Plans to place strict curbs on bonuses and hedge fund managers have been given the green light by MEPs.
The European Parliament’s Socialist Group of MEPs celebrated a major victory after reaching agreement on legislation in the final hours of the Spanish presidency of the European Union. Labour MEP Arlene McCarthy secured backing from the council of ministers, representing EU governments, as well as the the Commission for the new Capital Requirements Directive (CRD 3).
In the final Parliament vote in Strasbourg on July 7, the directive was approved by 625 votes to 28, despite many Conservative MEPs voting against. European Parliament sources claimed that Chancellor George Osborne had been unaware that a deal was imminent until it had already been agreed.

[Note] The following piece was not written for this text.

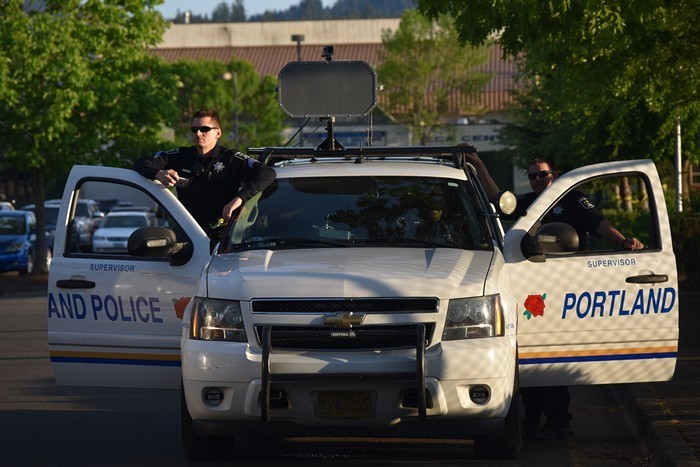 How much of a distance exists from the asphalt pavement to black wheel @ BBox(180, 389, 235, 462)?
2.49 meters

The directive is a response to the weaknesses in banking practices revealed by the financial crisis, particularly the rewarding of high-risk, short-term investments with massive bonuses, and severely undercapitalised banks. The position taken by Ms McCarthy and the Socialist Group was that banking and investment firm remuneration policies should not encourage excessive risk taking and should be closely tied to the capital strength of their institution.
However, since the recession, banks have actually increased bonus payments by £10 billion, according to the Bank of England’s financial stability report published this June.
The main achievements of the Socialist group include strict limits on upfront cash bonuses to ensure that bonuses are linked to long-term success rather than risk-taking.
The maximum amount of upfront cash allowed for all bonuses is 30 per cent, and 20 per cent for large bonuses of £1 million or more. At least 50 per cent of bonuses must be in contingent capital and shares, must be deferred, and can be clawed back if investments fail, meaning that bonus payments are closely tied to the strength and performance of a bank.
For bailed-out banks, the rules are much stricter. Nationalised banks will be required to prioritise repaying taxpayers and strengthening capital bases.
Furthermore, the example of former RBS chief executive Fred Goodwin walking away from RBS with a multi-million pound pension pot should not happen again under this directive, as the value of large pension payments will also be linked to the strength of the firm. Had this been the case three years ago, Sir Fred’s pension pot would have been a small fraction of what he received.
The legislation will come into force at the start of 2011.